Essentially, they saw it as a struggle against human imperfection. Two particular shortcomings concerned them, sinfulness and ignorance, and consequently the practical task of the civic-capitalist thinker and activist was to develop human civilisation by discovering or improving those institutions which encouraged the opposites of sin and ignorance, namely goodness and learning. The moral ideal underlying civic capitalism is that human relations should, as far as possible, be based on free mutual consent rather than force or command. Classical liberals favoured this ideal because they believed it was more consistent with human nature than rule by the `lord of the manor'. But it was also an ideal in the sense that it challenged human character by setting a standard to be aimed for. It presented people with an ideal way to live. The particular combination of institutions that came to be supported had taken reasonably mature shape by the time that liberals like David Hume, Adam Smith, Josiah Tucker, Edmund Burke and William Paley were writing in the eighteenth century. The character of civic capitalism was elaborated further during the American constitutional debates of the 1780s, not least by the authors of the Federalist Papers, by Immanuel Kant and Wilhelm von Humboldt in Germany, by Montesquieu in France and during the nineteenth century by Tocqueville, J.S. Mill and Acton. During this century the tradition has been developed still further by Friedrich Hayek and Michael Novak. It is important to avoid one major source of modern confusion.
Liberty under law is not a doctrine which sees liberty as the absence of all restraint, or freedom from all obstacles to our desires. The classical liberals did not want `power', they wanted `liberty', that is they did not seek the `power' to achieve their particular ambitions, they sought a social order—a civilisation—which allowed every person the liberty under law to contribute to their own good and the good of others as each believed best. To repeat Acton's words: they treasured the liberties of others as their own.
The ideal was liberty under law, not liberty to do as anyone pleased. It was liberty guided by conscience rather than naked wants. Nor was it relativistic. Liberty was valued, not because civic capitalists thought that any individual's views or values were as good as anyone else's, but because it is not possible for any authority to identify in advance who will turn out to do the most good, or benefit humankind to the greatest extent, or to judge which values, habits or institutions will ultimately prove most conducive to human co-operation. Consequently, they thought that every one should be free to contribute as each thought proper, in the belief that we will recognise real progress when we see it.

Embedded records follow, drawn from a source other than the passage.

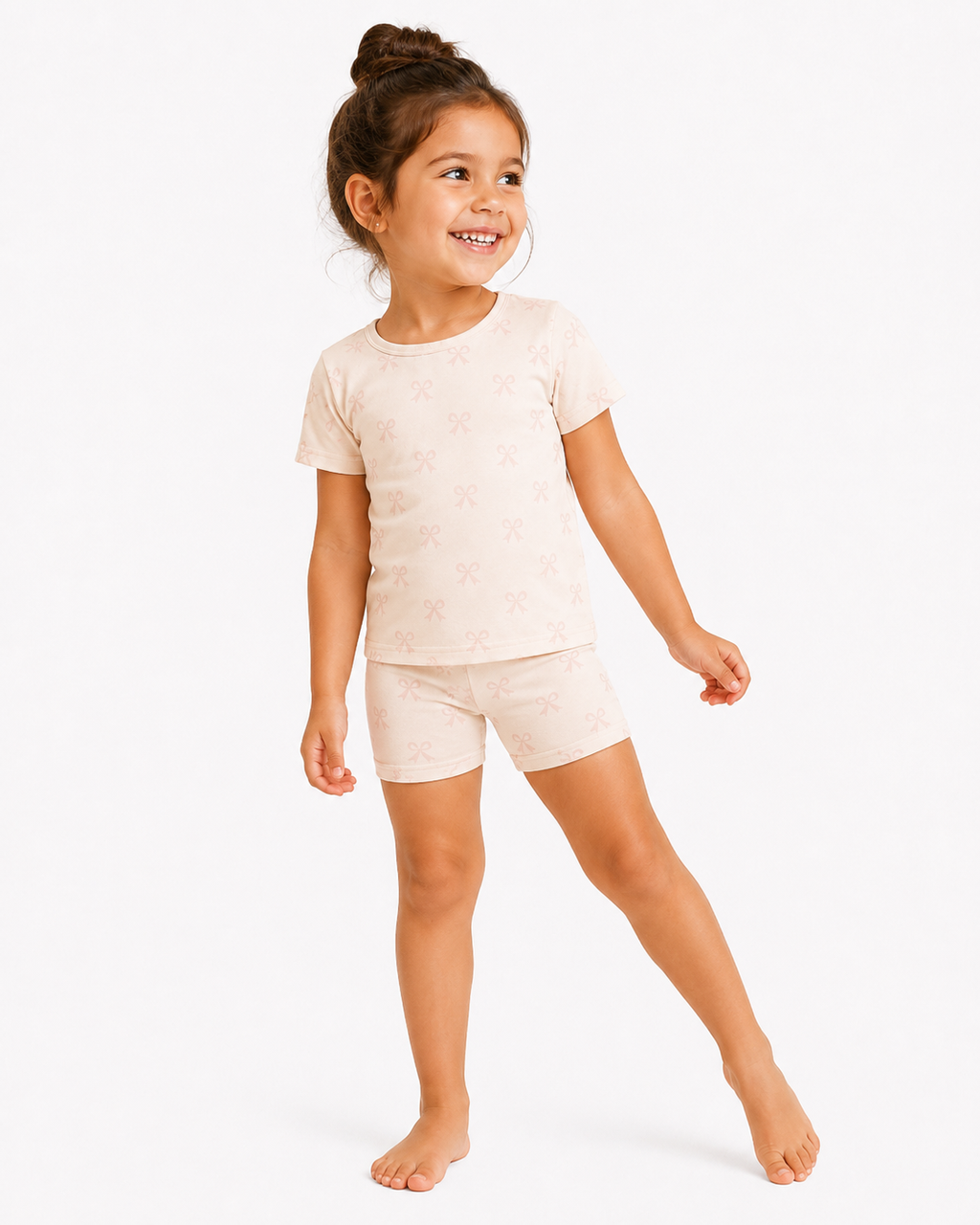 Bows 2 Piece Pajama Set, Short Sleeve Short Pants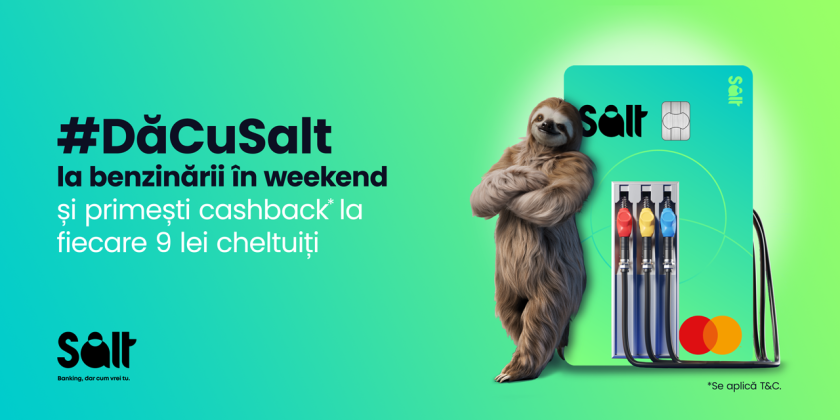 Salt Bank oferă cashback la benzină: primești 20 de bani pe litru, în două weekend-uri consecutive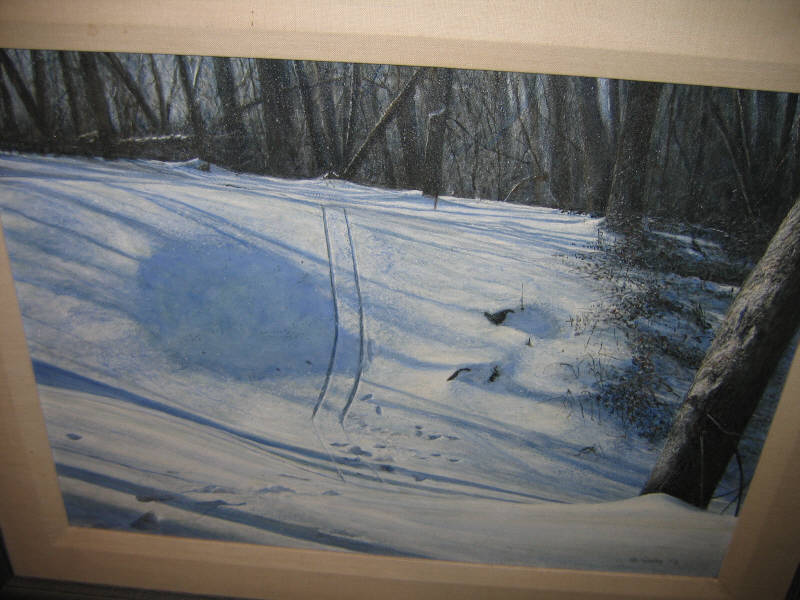 Appraisal: PHILIP WHITE AMERICAN B SLED TRACK acrylic on masonite signed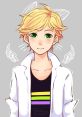 Adrien Agreste from the cartoon, featuring his signature blonde hair and playful green eyes with angelic wings.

The view of thinkers such as Acton and Tocqueville must also be sharply distinguished from another attitude often associated with liberalism. It is the view, which derives from Rousseau, that people are essentially good and that they are made bad by institutions, such as bad laws or bad governments.
The law is intended, not only to punish wrong conduct, but also to smooth the path of voluntary co-operation. Roughly speaking, criminal law punishes moral wrongs, and civil law is the body of rules that makes it easier to work with other people, as buyers or sellers, employers or employees, and consequently to create wealth more readily.
Thus, civic capitalism was a political philosophy based on a belief in the possibility (but not the inevitability) of progress and how it could best be achieved. In essence, civic capitalists have taken the view that progress is the result of trial and error. As the distinguished turn-ofthe- century economist Alfred Marshall argued, collectivism might seem in the short run to deliver benefits, but this was only because it lived off the fruits of earlier private initiative. In Marshall's view, if the springs of progress were not to dry up, there was no substitute for the bearing of risks at one's own expense.
The civic capitalists were first and foremost concerned to discover those common institutions, both private and public, which, on the one hand, encouraged individuals to become better citizens and which, on the other, reduced the harm that would result when human behaviour fell short of the ideal. Individuals are capable of great self sacrifice and many have laid down their own life for the good of others, but they are also capable of great wickedness. The civic capitalists were idealists whose vision was tempered by their awareness of human fallibility. As Professor Alfred Marshall wrote, `progress mainly depends on the extent to which the strongest, and not merely the highest, forces of human nature can be utilised for the increase of social good'.2 Unlike some conservative thinkers who have celebrated established authority per se, civic capitalists did not forget that authority is a means and not an end."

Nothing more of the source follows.